What follows is effectively a list of things I wanted to follow up on after hearing at day one of Interact 2014. I then put more words in between the links to contextualise them and share my thoughts.
Andreas Adamec and Bernadette Irizarry
Doing Less with More
Whilst these two where a very friendly and charismatic duo, their talk would be more accurately described as “here is lots of cool stuff”. They talked about Dieter Rams 10 design principles and Csikszentmihalyi’s Flow, Kotler’s 4 stages, Chipp Kidd’s book cover design ethos, David Kelly’s thoughts on what your customer wants and then went on to show some cool apps.
Ian Fenn
Getting UX done
Ian’s talk was packed with practical techniques for everything that surrounds the UX work to make it work. He mentioned the top things that stop designs getting through are HiPPO (highest paid person’s opinion, highest paid person in the office), lack of resources and things going into “phase 2”. To combat these he went on to say that “communication and influence are just as important as good design.” and talked about how to handle meetings and people in general. Ian mentioned that Personal Styles & Effective Performance: Make Your Style Work for You has been used as a source for many more recent work on getting things done. I would personally add How to Win Friends and Influence People to the mix, a book that remains relevant today.
Robert Newham
Hearts, minds, science and service. Designing to influence change.
Robert is living the dream of doing something meaningful with is mind and craft. A truly inspiring look at how hard work and a lot of research can make a difference. He mentioned some behavioural frameworks that helped his team inform their work (he also helpfully put them on his twitter):
Juliet Richardson
Thinking Beyond UX
Juliet talked about the somewhat intangible nature of UX and how people are confused when they talk about UX as a thing you can add to a project. She talk about projects being limited to local maxima by this way of thinking. She illustrated this by making examples of people asking the wrong questions about projects that only focus on the digital facade. (“Is it easier to sign up?” when we should be asking “Do people want to sign up?”) The Five Whys can be used to help find the root cause of these sort of problems. She also placed an emphasis on having the right content and also making sure the right people are in place to continue the work it.
Dan Ramsden
Design like you’re right, test like you’re wrong and be careful what you throw away.

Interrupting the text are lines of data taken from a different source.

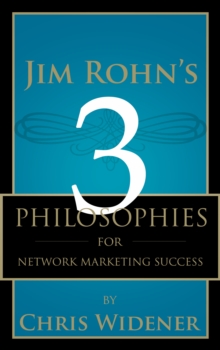 Image for Jim Rohn's 3 Philosophies for Network Marketing Success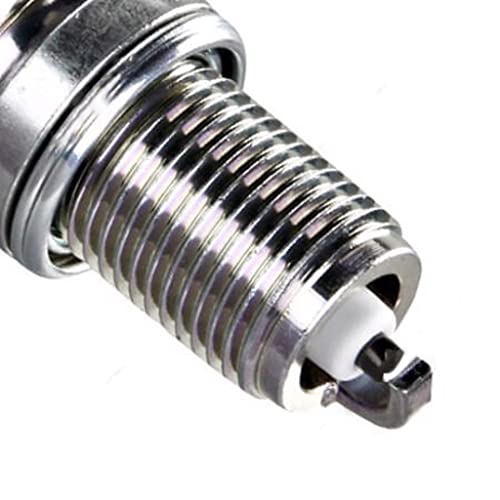 NGK For Polaris Sportsman 450 HO 2017-2020 Spark Plug | V-Power | Box of 4 BKR6E | 6962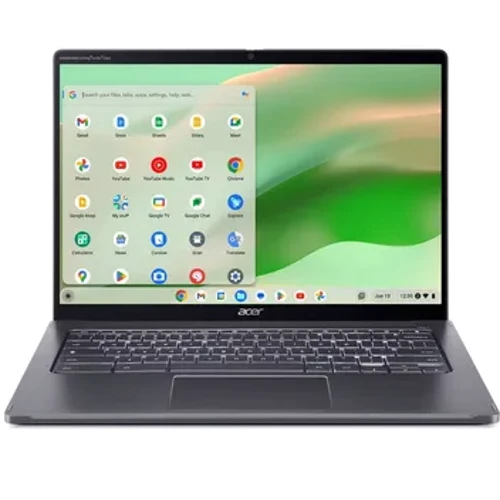 Ноутбук Acer Chromebook Spin 714 CP714-2W-56B2 (NX.KLAAA.001)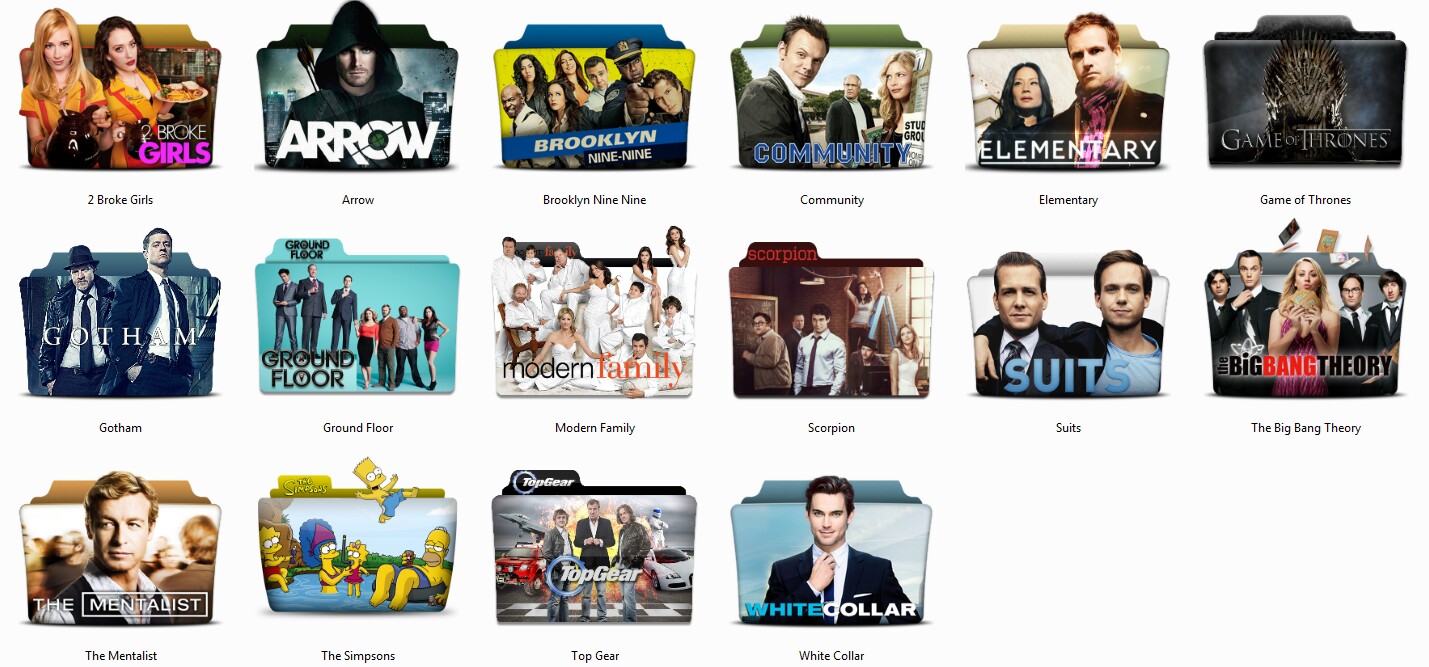 1429x667 Change Folder Icon Synology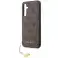 Guess GUHCSA54GF4GBR Hülle für Galaxy A54 5G A546 Hartschalenhülle 4G Charms Co Bild 5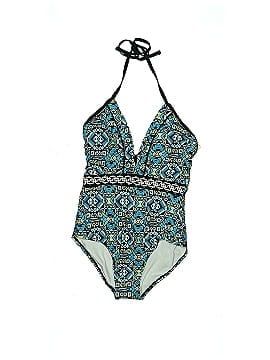 Laundry by Design One Piece Swimsuit (view 1)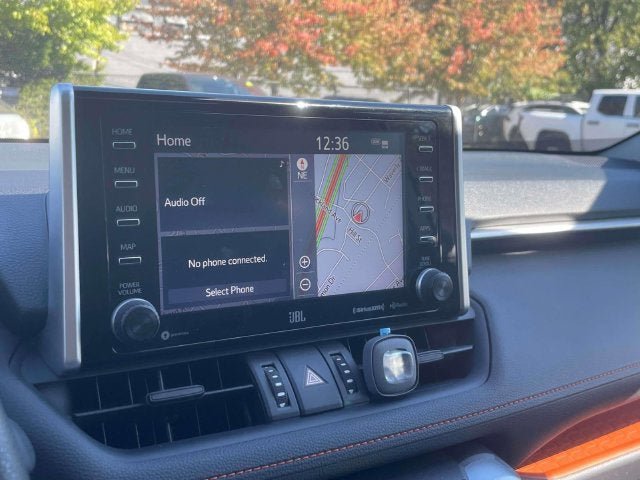 Used 2019 Toyota RAV4 Adventure AWD/4WD image 30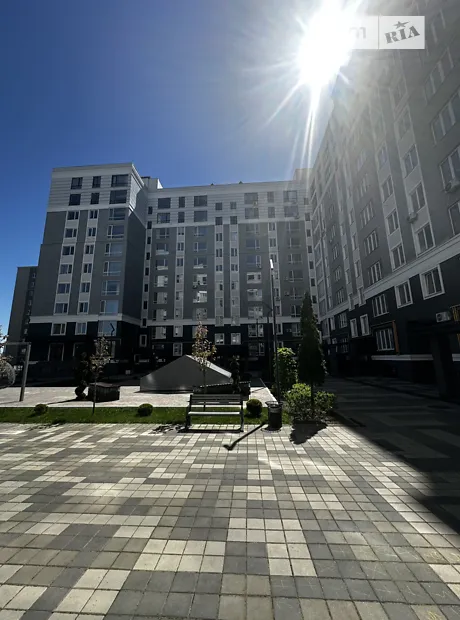 Квартира на вул. Івана Кожедуба, 8А в Києві, ID 232567, фото №3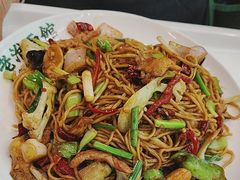 -飨府.老淮面馆.自营(清河路店)
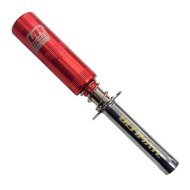 Chispometro Per Batteria 1.5v "AA"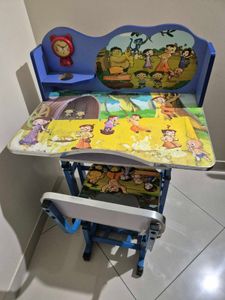 Kids Study Desk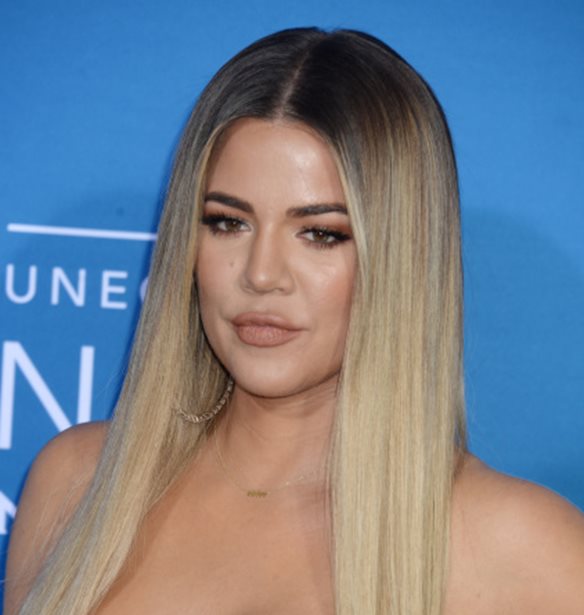 &#x397; Khlo&#xE9; Kardashian &#x3B8;&#x3C5;&#x3BC;&#x3AC;&#x3C4;&#x3B1;&#x3B9; &#x3C4;&#x3B7;&#x3BD; &#x3B5;&#x3BC;&#x3C0;&#x3B5;&#x3B9;&#x3C1;&#x3AF;&#x3B1; &#x3C4;&#x3B7;&#x3C2; &#x3B1;&#x3C0;&#x3CC; &#x3C4;&#x3BF;&#x3BD; Covid-19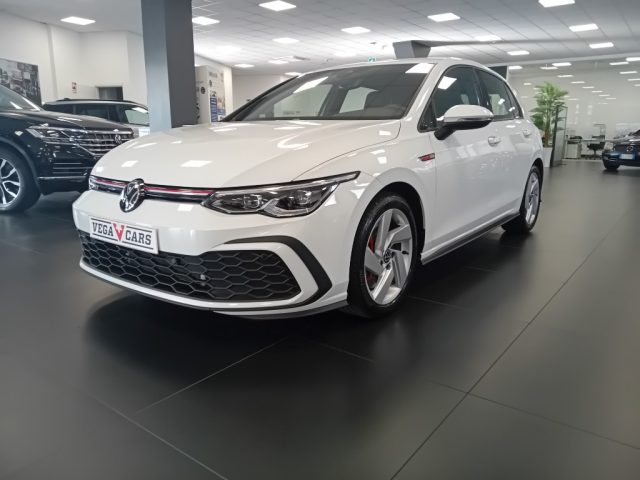 Volkswagen Golf 2.0 TSI DSG GTI usato a MIRANO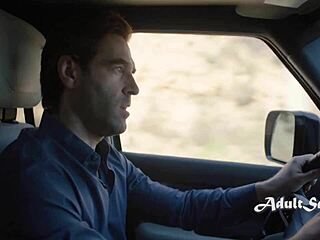 Con artists try lies but cougar reagan foxx uses instincts on teen in full movie.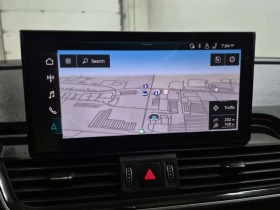 Audi SQ5 * TECHNIK* ДИСТРОНИК* ДИГИТАЛЕН КИЛОМЕТРАЖ* 360КАМ, снимка 12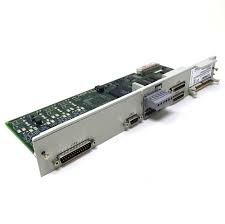 SIEMENS Simodrive Control Board SKU: 6SN1118-0DJ23-0AA2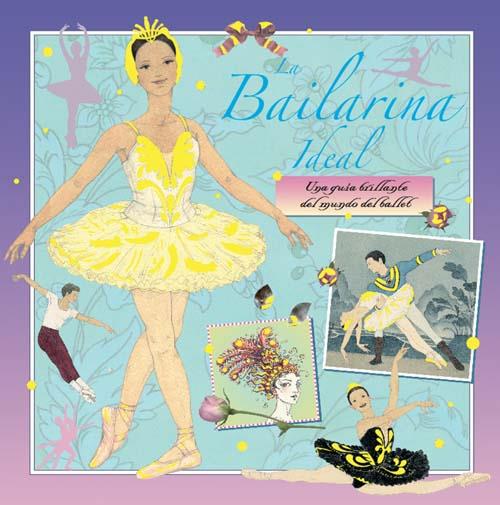 LA BAILARINA IDEAL | 9788492691135 | VARIOS AUTORES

Dan talked about his experience at the BBC teaching interns their process. It was a very inspiring talk that I think anyone could have taken a great deal away from. It was like I was getting a personal life lesson and I loved it. He also mentioned The Reflective Practitioner as something designers should read. A personal note, he used Futura in his slides, I felt this should have been Gill sans which is part of the BBC brand. Ended with a delightful magic trick, that mostly worked.
Grandin Donovan
“Welcome to the party” Current practice in user activation
I have to admit I did not listen as attently as I should have to Grandin, who have a very computed and full talk on user onboarding / activation. The reason for my idleness is that at Caplin we don’t have this sort of issue because as Mike the next speaker mentioned B2B software is not bought by the ultimate end users.
Mike Atherton
UX and Brand Values
Mike talked about his time at Huddle and educating people on what a really brand is. (spoiler: its not the logo or colour scheme) Simon Sinek’s Ted talks were mentioned. He talked about how at Huddle one of the biggest setbacks for enterprise software is that the people who actually use it are not the ones who buy it. The decision to buy is often done by counting features which inevitably leads to feature bloat. He went on to say how this washes away any sense of brand within the companys that make these things. At Huddle he found a way to unearth the brand values that were already present in the people who made up the company. A part of this process was the inverse of The Five Whys mentioned earlier, where you start from what you are doing right now and keep asking why to get to the root of why its being done.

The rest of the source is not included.